# Looking for a curing jar.



## SmokeStar21 (Feb 10, 2006)

Hey ladies and gentlemen I am looking for a jar to cure my MJ after I harvest it.  Will any glass jar with a lid do?  Any help is appreciated!


----------



## Bubonic Chronic (Feb 10, 2006)

mason jars


----------



## mountain rambler (Feb 10, 2006)

Yea, smoke star 21... Grab yourself a pack of the wide-mouth canning jars (with the rubber-sealed lids) and you'll be happy. The tapered kind are a pain if you're a guy with big hands, or so i hear. You can pick 'em up at any farm& garden store, or even at some grocery stores-- if you live in the country, that is 

You about ready to harvest? Happy times for you!
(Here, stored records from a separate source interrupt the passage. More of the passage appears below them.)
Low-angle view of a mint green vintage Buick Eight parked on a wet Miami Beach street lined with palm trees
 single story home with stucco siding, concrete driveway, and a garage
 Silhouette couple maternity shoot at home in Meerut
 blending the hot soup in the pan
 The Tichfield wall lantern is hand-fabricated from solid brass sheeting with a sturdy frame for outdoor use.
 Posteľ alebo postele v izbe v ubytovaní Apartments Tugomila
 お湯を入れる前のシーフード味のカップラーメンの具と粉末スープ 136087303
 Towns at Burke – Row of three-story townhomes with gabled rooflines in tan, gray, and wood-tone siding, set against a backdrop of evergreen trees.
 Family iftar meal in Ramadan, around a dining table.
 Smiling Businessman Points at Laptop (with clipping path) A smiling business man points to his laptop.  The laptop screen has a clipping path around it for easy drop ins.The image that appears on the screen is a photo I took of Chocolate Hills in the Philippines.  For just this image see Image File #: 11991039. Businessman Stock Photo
Congrads.


----------



## GanjaGuru (Feb 10, 2006)

Glass has several disadvantages.
-Easily breakable.
-It let's in light and light degrades the buds.

Purists may disagree, but I cure my weed in 1 gal. plastic containers from my local fast-food dive, the kind that once contained mustard, relish, etc.
They seal almost as tight (screw-on top) as a Mason jar, hold way more inc. l-o-n-g buds, and by using them you'll be recycling, good for the earth.


----------



## Mutt (Feb 10, 2006)

Glass you can go to the local goodwill they have em really cheap by the case.

Thanks Ganja, never thought of those.


----------



## Stoney Bud (Feb 10, 2006)

GanjaGuru said:
			
		

> Glass has several disadvantages.
> -Easily breakable.
> -It let's in light and light degrades the buds.
> 
> ...


After MJ is dried, there are zillions of curing methods used. I've met a lot of growers that cured using their own "special" method. Curing is the process that brings about the rapid destruction of chlorophyll. Curing brings out the aroma and flavor of each strain of MJ. Before MJ is cured, the leaves contain 80-85% water. After the curing cycle, there is essentially no water left. The method of drying MJ prior to introducing a slow cure is also critical to its flavor, aroma, and it's type of burn. The slower cures are favored for the mildness of the smoke, but can take as long as three years. During the drying and curing processes, special care must be taken to prevent mold and insect infestation.

For a fast dry, you can hang individual buds on a string that has been strung across a cardboard box. If you want to slow it some or a lot, use different amount of vent holes in the ends and/or sides of the box after adding a lid. You can spray the inside of the cardboard with flavor enhancers like honey, citrus, apple, or about a million other things.

Remember, curing involves these factors in quantities of your personal favor:

Time
Temperature
Humidity
Air Flow
Flavor enhancers

The Air flow, temperature and Humidity are all variables that must be controlled to prevent negative factors like mold from happening.

Here's a suggestion to all of you; When you next harvest, take a handful of buds for each of several types of drying times and types of cures. Give them a rating like Quickie, lower mid, higher mid, highest and maximum. Each would involve a more and more complex or long lasting type of cure. The most complex and longest to arrive at would be the most expensive product. The "Quickie" would be the least expensive.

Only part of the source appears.